The last time I wrote about Haider, he had just arrived in Amman, Jordan after fleeing for his life from southern Iraq. The story of his narrow escape from the Mahdi Army’s death squads is worth repeating, not least because Haider’s struggle represents the continuing plight of thousands of Iraqis who are desperately trying to leave.
Haider worked as a translator for British forces in Basra, but the list of those targeted includes doctors, nurses, teachers and engineers. Their aggressors are, more often than not, poor, uneducated Shi’a from the slums of southern Iraq. Many were themselves victimized by Saddam Hussein’s regime; they found in the Mahdi Army’s leader, Moqtada al-Sadr, an angry voice that echoed their own. The fact that Sadr clothes his message in Islamic rhetoric gives them an additional sense of legitimacy, and a brutal, reductive vision of Islam to enforce.
Haider and others like him come from a liberal, professional class in Iraq that represents everything the Mahdi Army opposes. I should add that Haider himself spent a year in Saddam Hussein’s prisons for protesting against the regime, and his father was murdered.

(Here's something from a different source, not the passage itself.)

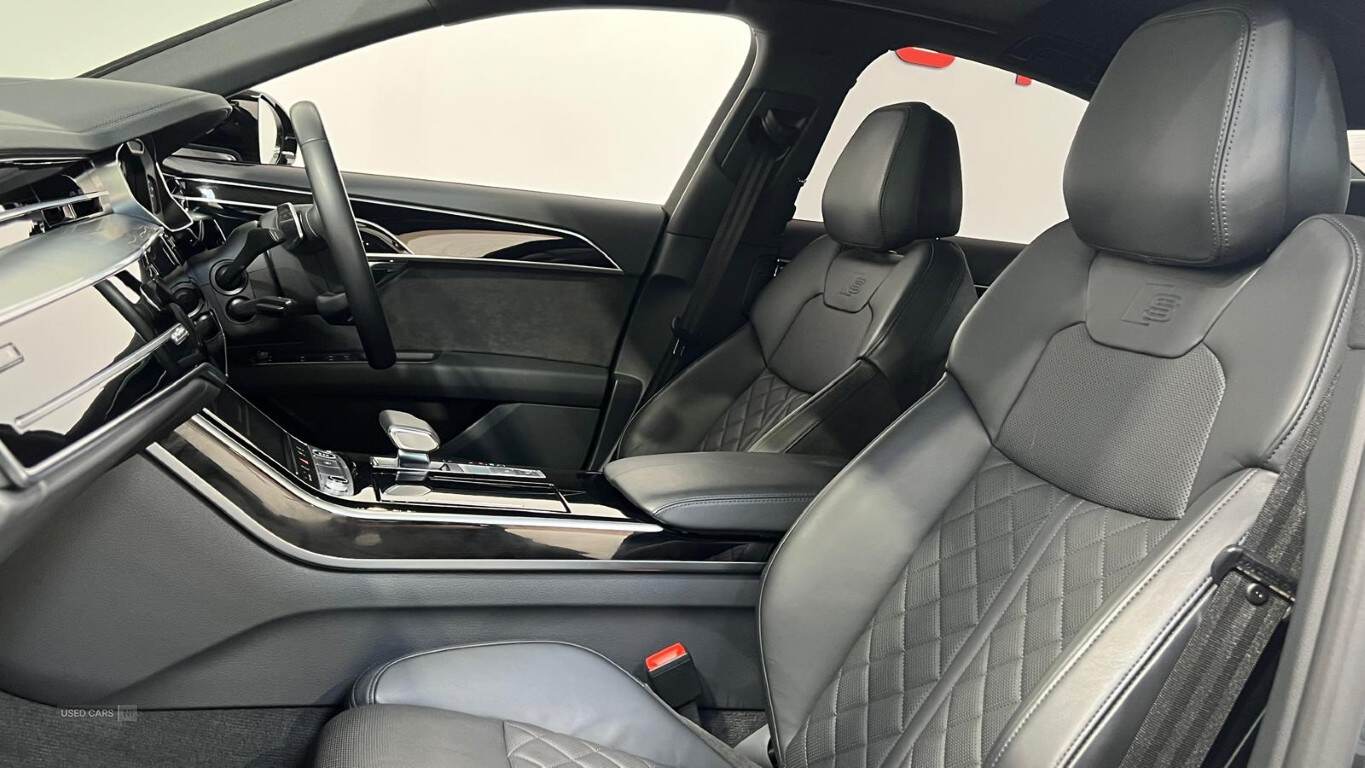 Jun 2021 Audi A8 50 TDI Quattro Black Edition 4dr Tiptronic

That’s one the reasons he is able to provide such insight into the minds of the Shi’ite militia members, as you’ll hear in the video.
Last summer, Haider received a number of threats from the militia to stop working with the Coalition. When he did not, his brother-in-law was murdered, and a note pinned to his body telling Haider to turn himself in. He fled illegally to Iran, where his wife and newborn son planned to join him, along with his uncle-in-law, Ali. But the three were seized by the Mahdi army. Ali was shot four times in the chest; Haider’s wife and son were released. Haider rushed back to join them, and spent two weeks moving from hiding place to hiding place until the British government arranged for him to fly to Jordan.
His ordeal is far from over. He has lived for the past five months in a state of limbo in Jordan, where I met him; he is still waiting for the British government to arrange his asylum. Although the British government said last summer that it would grant asylum to military interpreters, none has won it to date, and many have died in the meantime. The U.S. government’s track record with its Iraqi assistants isn’t much better.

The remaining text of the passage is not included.